In order to stay under the budget caps Congress approved late last year, the Pentagon’s budget staff had to make some unpleasant decisions about spending for military bases, officials said Wednesday. Military construction and money for base upkeep both took significant hits.

Defense officials say the building of the 2015 budget request was all about setting priorities, and they freely acknowledge that military facilities got the short end of the stick.

The proposal DoD submitted to Congress last week includes a 33 percent reduction in military construction spending, compared to what lawmakers approved for 2014. Funding for basic upkeep of the buildings the military already owns and operates took a similar dive.

“There’s no mistaking the fact that we’re accepting risk in our facilities,” John Conger, the acting assistant secretary of Defense for installations and environment, told the House Appropriations Committee.

But, he said, DoD decided it needed to preserve as much funding as it could for other priorities, such as military training.

“It is cheaper to sustain a building than it is to repair it, and it’s cheaper to repair it than it is to replace it. We have a facility model that tries to say how much money is required to try to sustain our buildings, and we had to make decisions about what we’re going to do as far as preventative maintenance,” he said. “That’s our highest risk, because it’s going to lead to repair requirements, and at some point it’s going to mean requirements for new facilities.”

The military services say much of the work they need to do to keep their facilities in good repair simply won’t get done.

Worst comes first

Under the funding levels Congress passed for 2014, the Army said it would be able to pay for about 80 percent of its facility sustainment needs. That would drop to about 60 percent under the 2015 budget.

“The focus is going to be on things that impact life, health and safety,” said Katherine Hammack, the assistant secretary of the Army for installations, energy and environment. “In our military construction accounts, we’re focused on fixing things that are already failing, moving out of temporary structures that we’ve been in for too long and that are also failing. We’re focused right now on what are the most failing infrastructure requirements.”

The congressional appropriators who will set DoD’s final funding levels for 2015 are not happy about the facilities impacts of the department’s proposed budget, particularly the members who are most involved in controlling the purse strings of the military construction accounts.

“If we were to adopt this level of funding, you’d be in a position of just patching the potholes and fixing the roof,” said Rep. John Culberson (R-Texas), the chairman of the Appropriations Subcommittee on Military Construction and Veterans Affairs. “Not likely. I’ll bet we’ll be able to help you beyond that.”

But DoD installations officials who testified Wednesday argued that if appropriators do decide to “help” the department with its facilities shortfalls, the money would have to come from other priorities in DoD’s budget, which is capped in current law at $496 billion under the Ryan-Murray budget agreement.
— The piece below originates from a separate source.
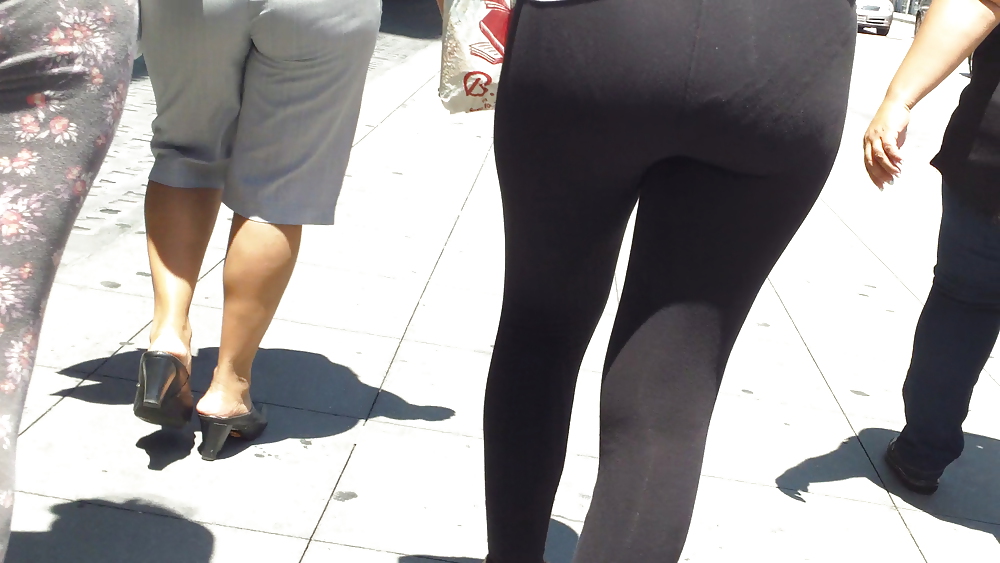 Spandex teen butt & ass crack in public
 #20734306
They said Congress also could do a lot to help DoD make better use of its facilities spending by letting it dispose of the approximately one-fifth of the base infrastructure it no longer needs nor wants. The Pentagon wants legislators to authorize a new round of base realignments and closures (BRAC) in 2017.
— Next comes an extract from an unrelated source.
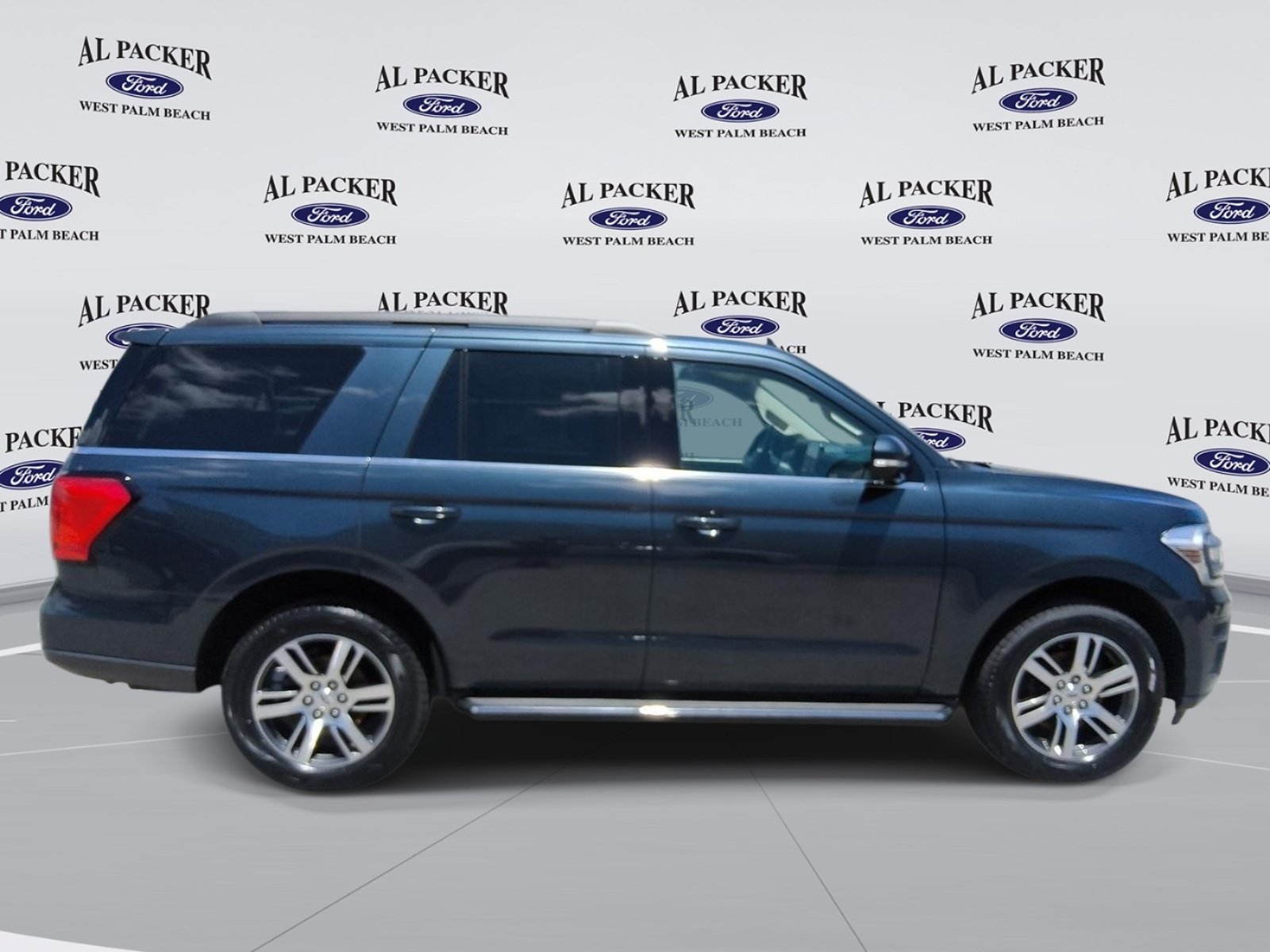 Certified 2023 Ford Expedition XLT RWD image 6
But just like in the past few years, the reception on Capitol Hill has been frosty so far.

“We have too much infrastructure,” Conger said. “And moreover, the resources that are going to infrastructure we don’t need could be going to warfighters that do need the money. The training reductions that have occurred over the past couple years are critical. They are far more critical than funding excess infrastructure.”

Another plea for BRAC

Most of the military services do not have an exact estimate for how much extra base infrastructure they’re currently paying for, but DoD’s last detailed examination in 2004 found that the services had 20 percent more than they needed. And the BRAC round that followed in 2005 was more about moving facilities to new locations than closing them down.

“BRAC 2005 directed the Air Force to close only eight minor installations,” said Kathleen Ferguson, the acting assistant secretary of the Air Force for installations, environment and logistics. “Since then, we’ve reduced our force structure by more than 500 aircraft and reduced our active duty end strength by nearly 8 percent. Additionally, the Air Force has outlined plans in our 2015 submission to reduce our size even further. Even though we have not done an updated capacity analysis, we intuitively know we have a lot of excess capacity.”

The Army, on the other hand, has begun a study of its basing needs, in conjunction with its existing plans to draw down to 490,000 soldiers.

Hammack said the initial results show the Army has at least 18 percent more base structure than it needs. If the Army shrinks even further, as the 2015 budget calls for, the gap between the bases it has and the bases it needs will continue to grow.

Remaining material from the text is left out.